The Ebola exponent

This, combined with socionomics will explain why we’ve been seeing all the pandemic-related television shows of late:

Right now we’ve had more than 5,000 cases of Ebola, and at least 2,600 people have died. Some scientists, like Alessandro Vespignani at Northeastern University in Boston, are taking numbers like that and putting them into computer models to see where this epidemic is going. “For instance, in our modeling, by mid-October, we’re already between 10,000 to 25,000 cases,” he says.

Five thousand cases of Ebola is bad; 10,000 to 25,000 is unbelievable. And that’s where the exponential curve comes into play. “Well,
an exponential curve is a curve that doubles every certain amount of
time,” Vespignani says. And with this outbreak, cases are doubling every
three to four weeks. So if help doesn’t arrive in time — and
the growth rate stays the same — then 15,000 Ebola cases in mid-October
could turn into 30,000 cases by mid-November, and 60,000 cases by

Meanwhile, aid efforts are hampered, to put it mildly, by the local fauna:

The bodies of eight people, including several health workers and three journalists, have been found days after they were attacked while distributing information about Ebola in a Guinean village near the city of Nzerekore, according to Reuters.

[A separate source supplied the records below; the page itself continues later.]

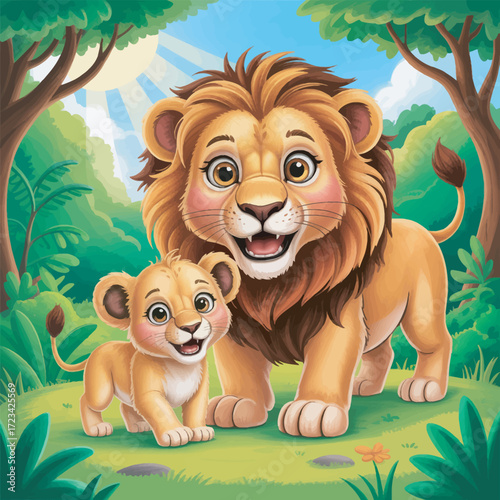 Lion and Cub in Forest Illustration with Trees, Sunlight, and Lush Greenery Scenery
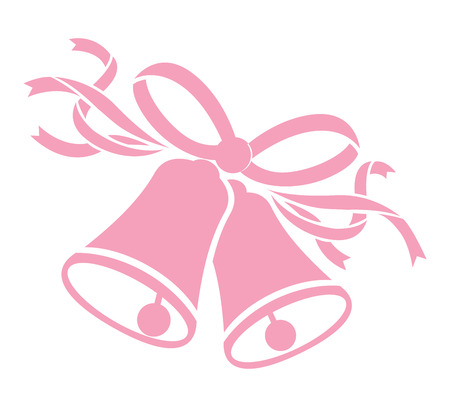 wedding pink bellsのイラスト素材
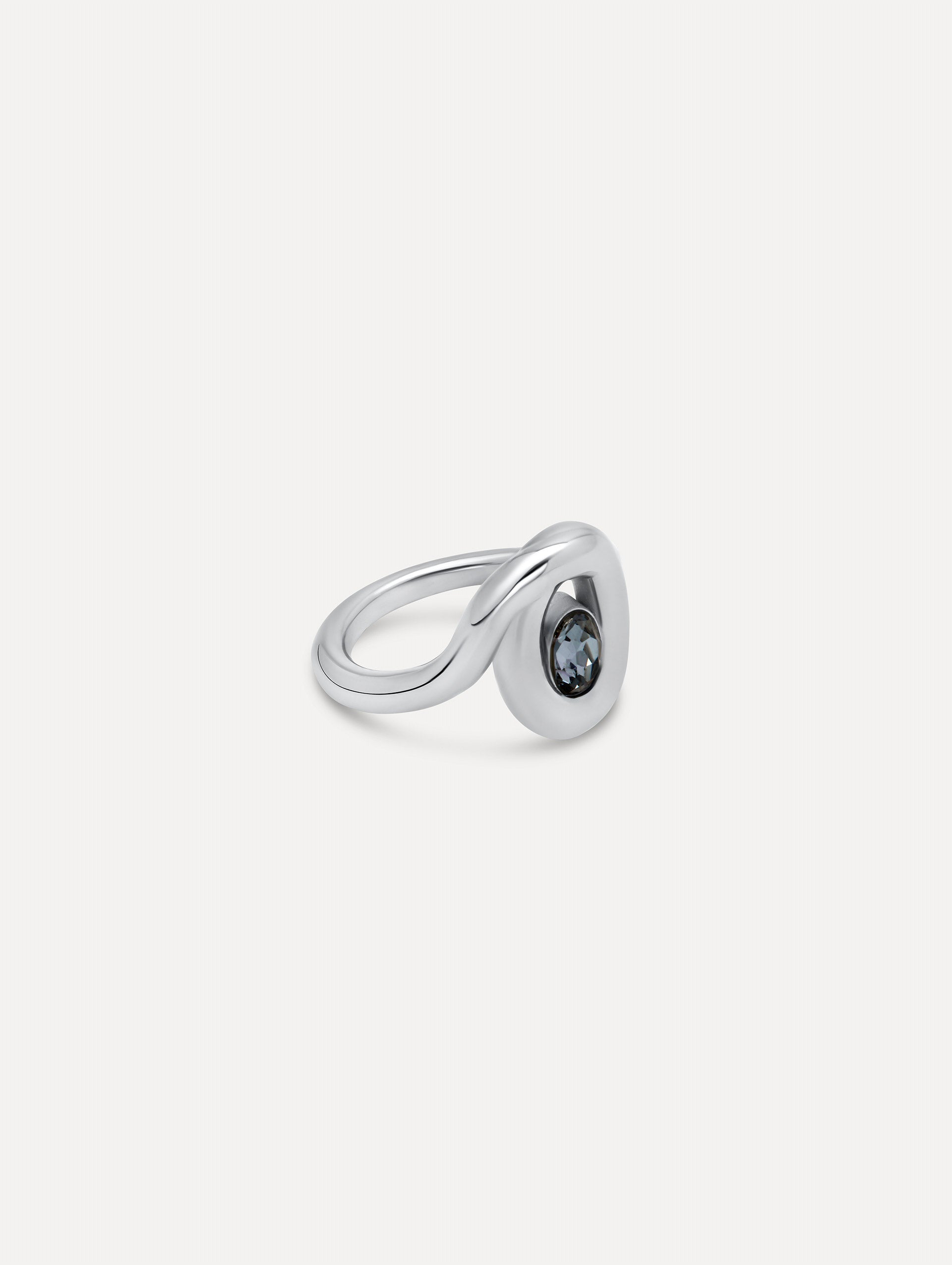 Looped Oval Ring Black diamond / Oscar de la Renta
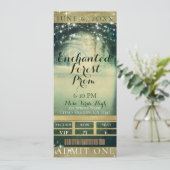 Enchanted Forest Green Blue Prom VIP Party Ticket Kaart (Staand voorkant)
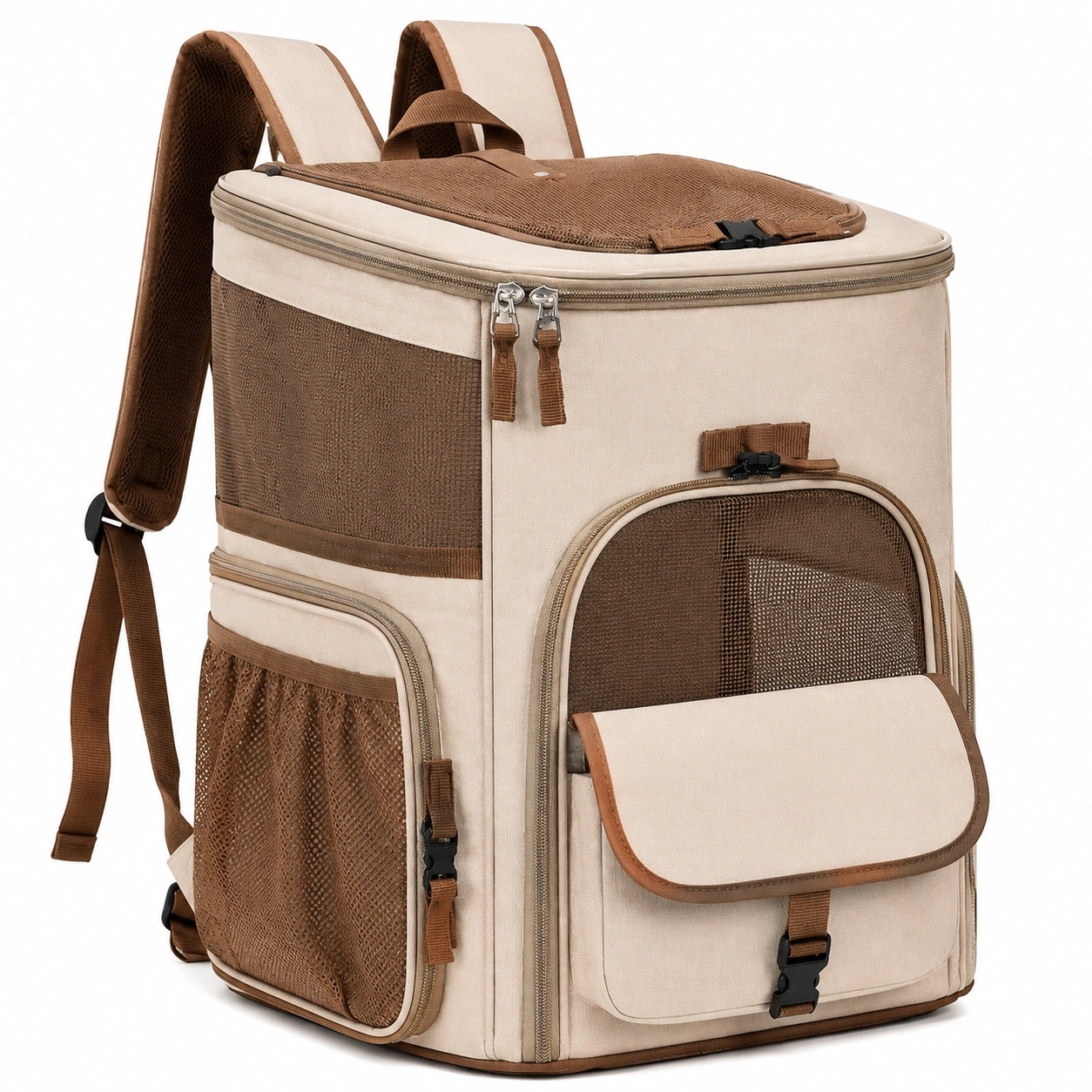Zaino trasportino per animali 42 x 30 x 45 cm in tessuto beige e marrone con rete ventilata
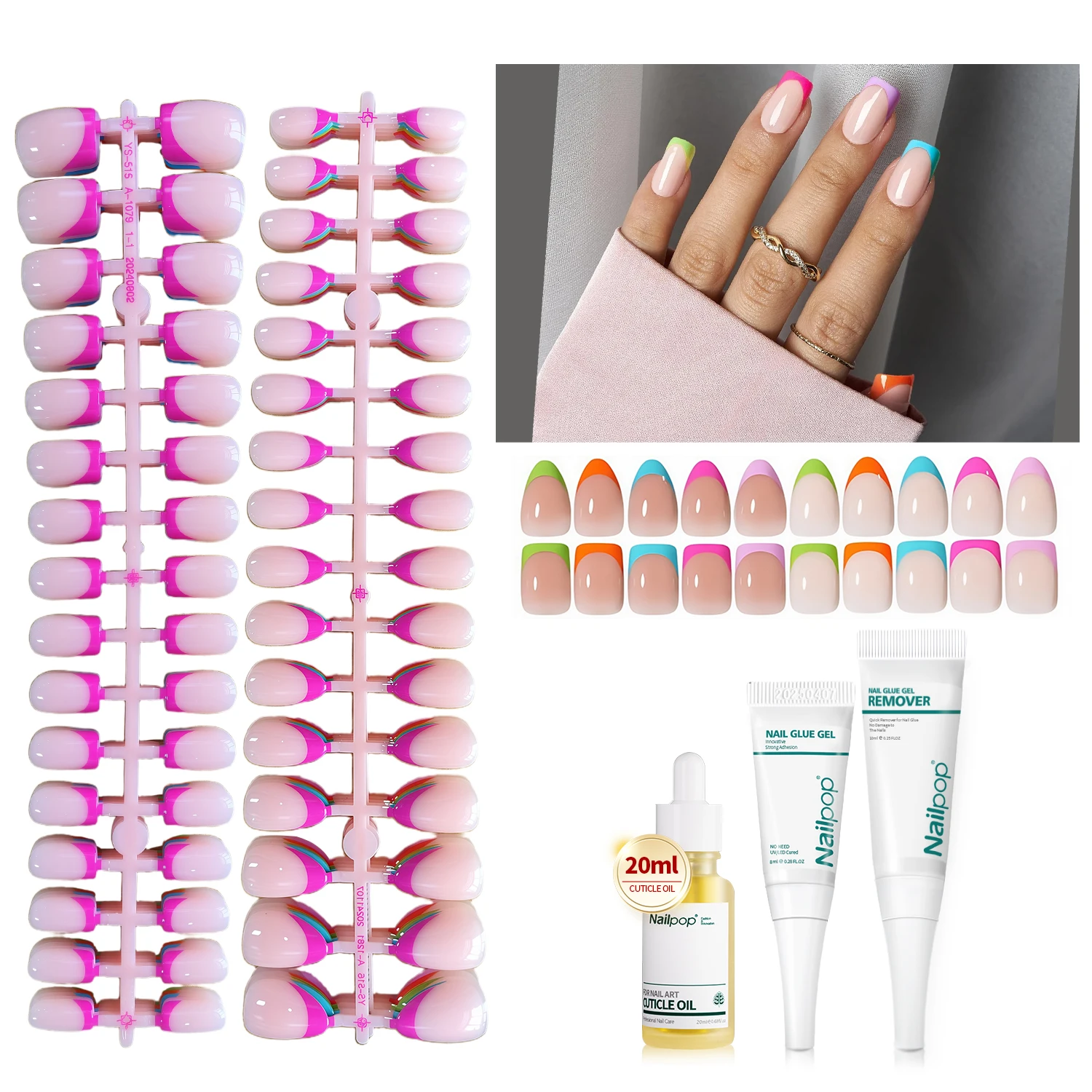

160pcs French Press on Nails Whit Nail Glue Summer 5 Colors Full Cover False Nails 16 Sizes Reusable For HomeNail Art DIY Use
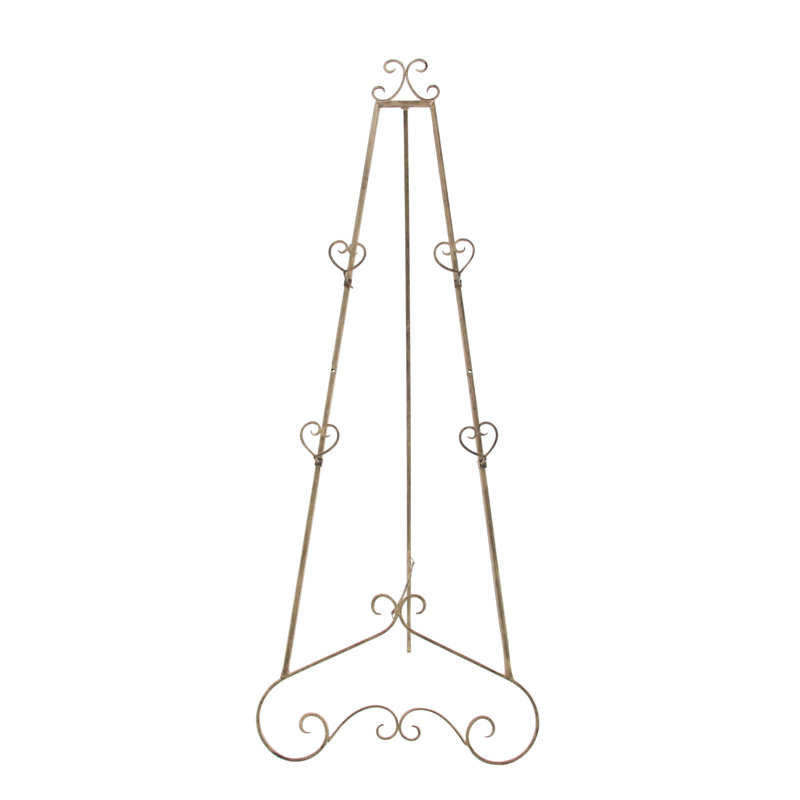 Gold Metal Scroll Adjustable Floor Easel with Chain Support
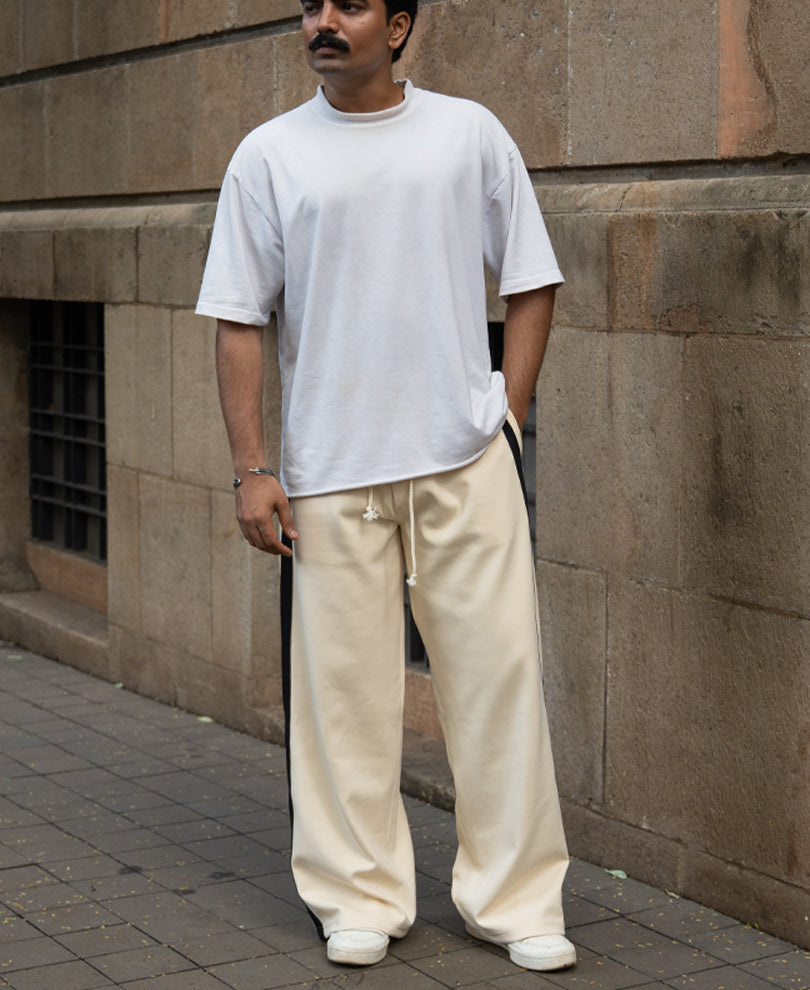 Cream Contrast Detail Trackpants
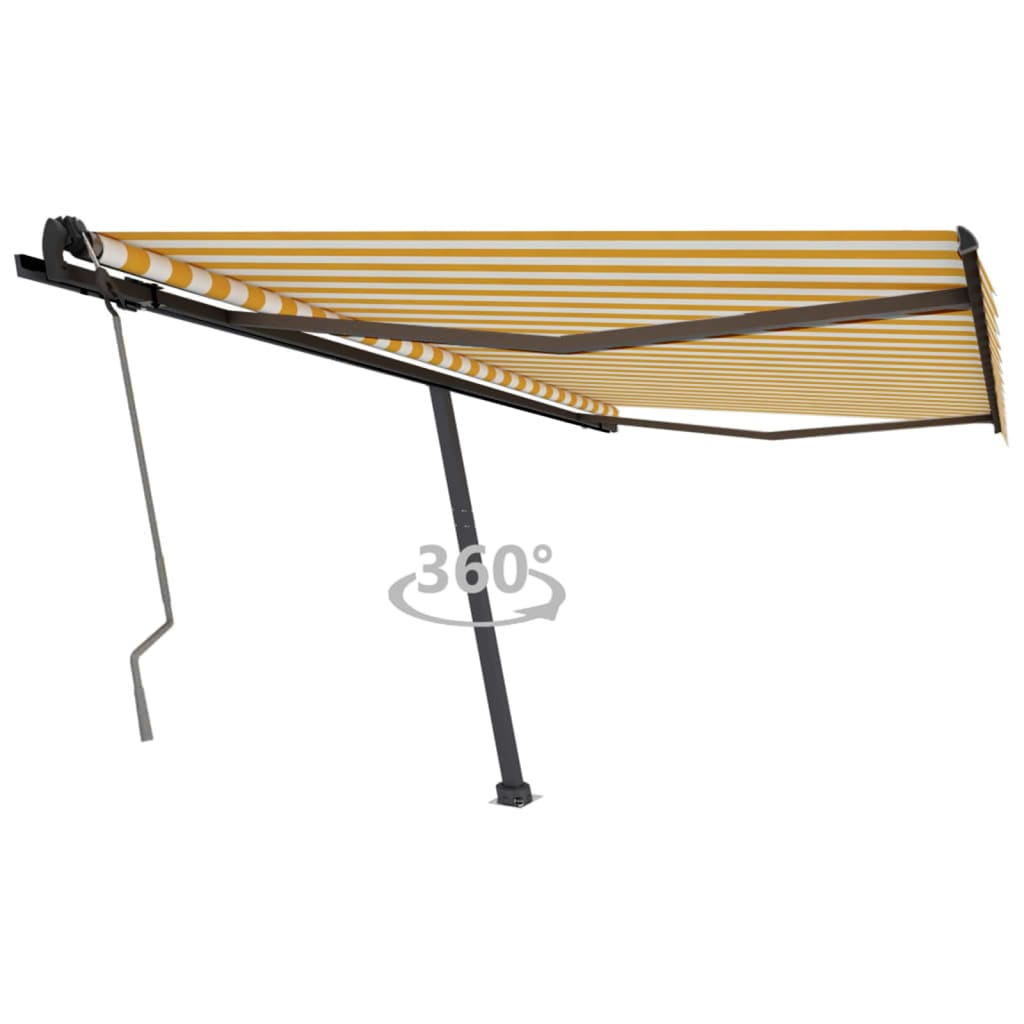 Freestanding Manual Retractable Awning 400x350 cm Yellow/White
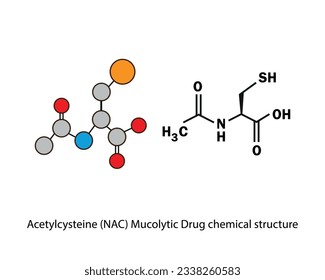 Acetylcysteine (NAC) mucolytic drug. Chemical skeletal formula.
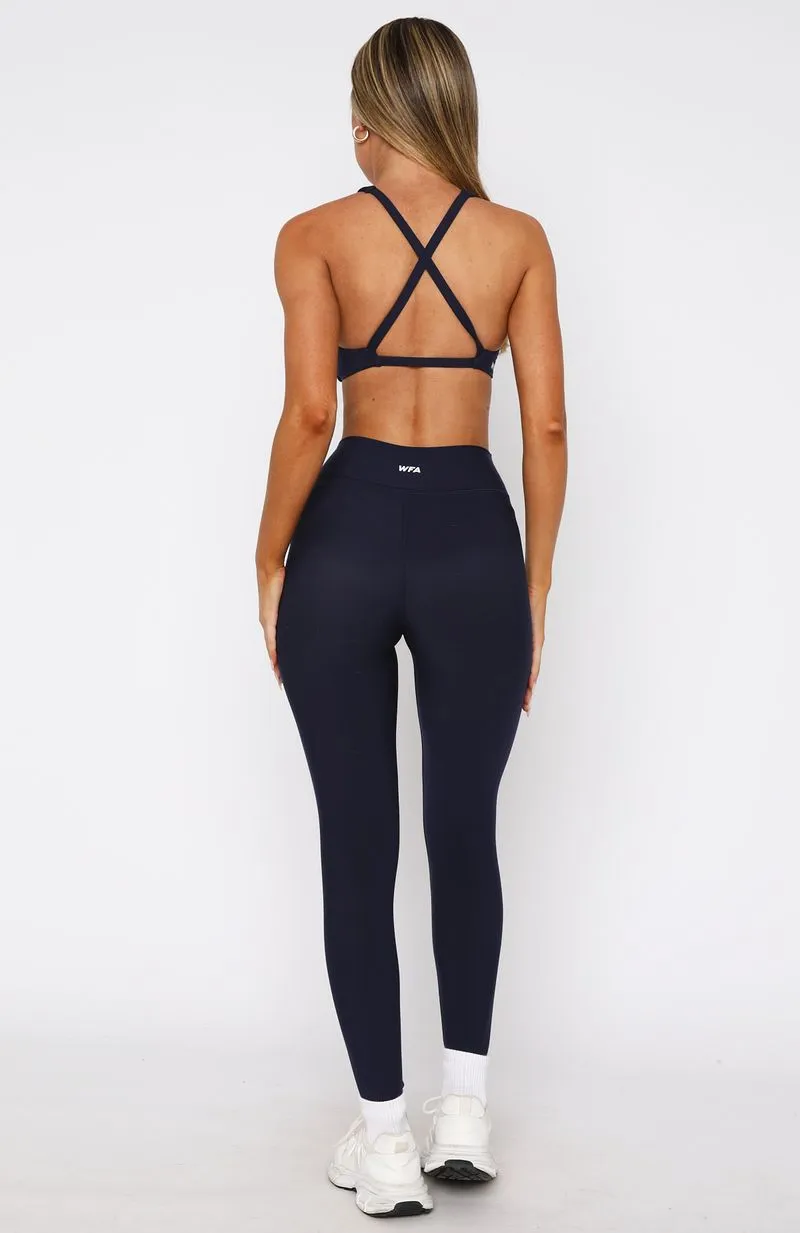 Ready Set Go Cross Front Leggings Navy sold by White Fox Boutique product image thumbnail 4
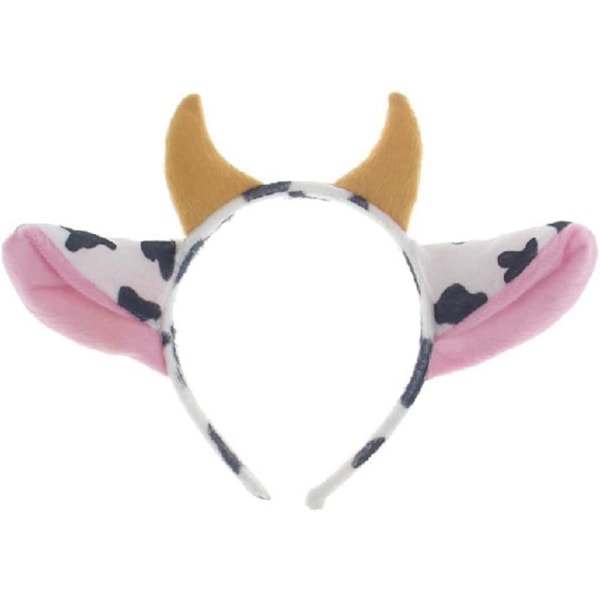 Pandebånd med dyreører, ko-ører og horn, fest, cosplay, hårsløjfe, maskerade hovedbeklædning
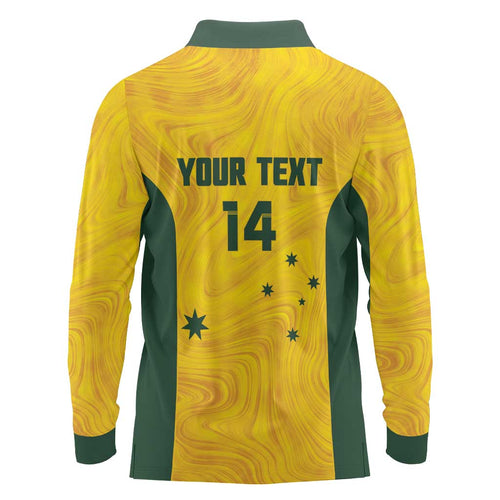 Custom Bowls Australia Long Sleeve Polo Shirt Marble National Color - Aussie Hoodie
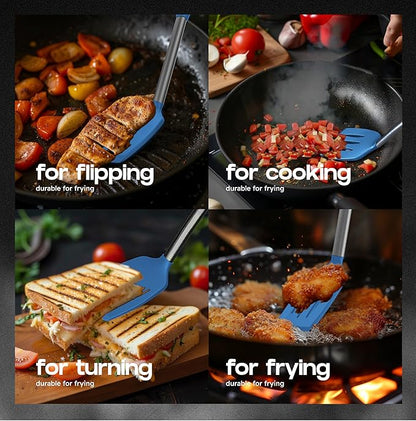 BakeRoyal Silicone Spatula Set - Turner Spatulas Silicone Heat Resistant 600°F - Slotted & Solid Spatula for Cooking Fish, Eggs, Pancakes Flipper – Spatulas for kitchen use – Blue - Image 3
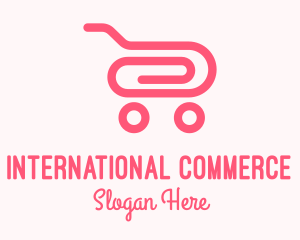 Pink Paper Clip Cart logo design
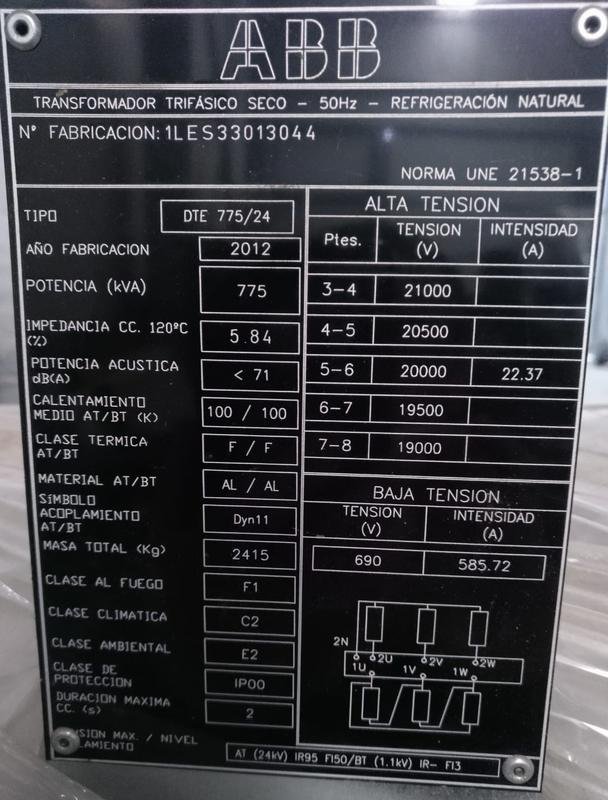 Dry Trafo 20 KV- 775 KVA – 690V ABB DTE 775/24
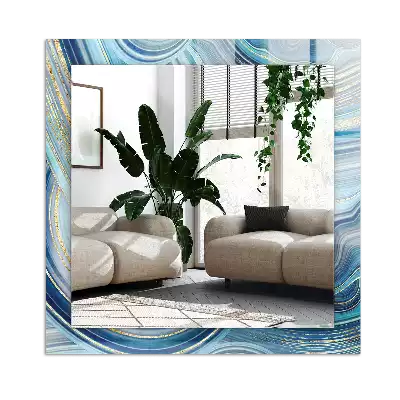 Miroir décoratif rectangulaire Vagues bleues abstraites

“The eight bodies were found in the village latrine,” Albert Damantang Camara, a spokesman for Guinea’s government, told Reuters on Thursday. “Three of them had their throats slit.”

Quarantine and closing the borders, as Sierra Leone is doing, would suffice to keep Ebola out of the West. So, naturally, the globalists in office prefer to literally import the disease and expose thousands of soldiers and aid workers to it in Africa, thereby risking a global pandemic, rather than simply leave the independent African nations to their own resources and permitting the epidemic to safely run its course.

And if the World Health reports that the statistics are being underreported are correct, the exponential curve may already be in effect.